LE PRIMAT DE L’ÉMOTION
Une campagne présidentielle peut-elle faire l’économie de confessions intimes ? En meeting à reims le week-end dernier, Marine le Pen a raconté les attaques dont elle avait été l’objet enfant, le divorce de ses parents, ses difficultés de mère de famille monoparentale. Quelques jours auparavant, Éric Zemmour se confiait sur son père autoritaire tandis qu’anne Hidalgo s’était, elle, déclarée candidate en rappelant son parcours de fille d’immigrés. dans ce festival de confidences, la pudique Valérie Pécresse fait désormais figure d’exception. Et d’ailleurs, beaucoup lui conseillent de « fendre l’armure » pour mieux se faire connaître des Français. On connaît la formule de François Bayrou : « L’élection présidentielle, c’est la rencontre d’un homme et d’un peuple »
(c’était en 2007, aujourd’hui il aurait sûrement rajouté « ou d’une femme »). il n’est pas anormal que les électeurs puissent connaître la personnalité de celui (ou celle) qu’ils sont susceptibles de porter au pouvoir. on attend d’un dirigeant qu’il fasse preuve de cohérence entre son comportement privé et son action publique, ce qui suppose d’en savoir un minimum sur lui au nom d’une juste transparence. Mais attention à ne pas verser dans le voyeurisme ou le sentimentalisme : d’un candidat à la magistrature suprême, on attend qu’il nous convainque, pas qu’il nous touche. Car si l’émotion, comme la peur ou la colère, sont des ressorts estimables dans la sphère privée, elles ne constituent pas des vertus publiques. « Il ne s’agit plus de vivre, il faut régner », se résout titus dans Bérénice.
Jadis, le sentiment était d’ailleurs considéré comme un signe de faiblesse dans l’exercice du pouvoir. Personne n’aurait imaginé de Gaulle s’épancher sur ses penchants dépressifs ou Mitterrand narrer ses difficultés à mener de front deux vies familiales parallèles. Sans doute parce que, à l’image des autocrates d’aujourd’hui comme Poutine ou Erdogan, ils n’avaient pas besoin de convoquer le registre émotionnel pour convaincre leurs concitoyens. Mais tel n’est plus le cas dans nos sociétés occidentales contemporaines, où l’émotion supplante de plus en plus la raison, y compris chez les gouvernants. on se souvient d’angela Merkel bazardant contre toute logique ses centrales nucléaires après la catastrophe de Fukushima, par peur d’un accident du même type en allemagne ou de Nicolas Sarkozy déclenchant une vague migratoire inédite en précipitant, au nom la lutte du bien contre le mal, la chute du dictateur libyen Kadhafi.

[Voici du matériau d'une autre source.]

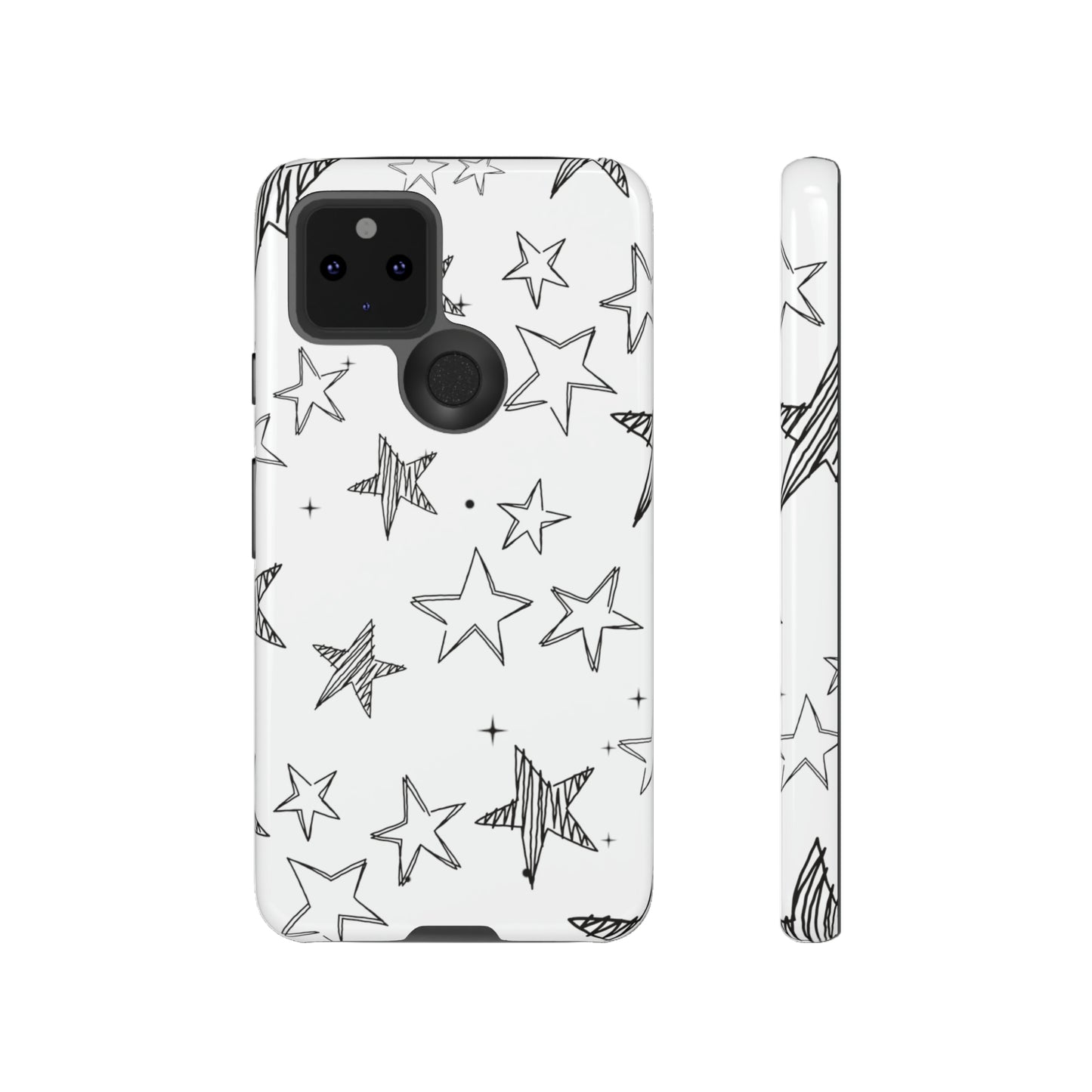 Star Protective Case for iPhone, Samsung and Google phones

« Les États n’ont pas d’amis, disait de Gaulle, ils n’ont que des intérêts. » il devrait en être de même des peuples vis-à-vis de leurs dirigeants. l’empathie est un bon critère pour le choix d’un ami, mais pas pour celui d’un gouvernant (ni d’un patron d’ailleurs). la fermeté, voire parfois la dureté, sont des qualités indispensables pour diriger, même si elles ne vous rendent pas nécessairement sympathiques.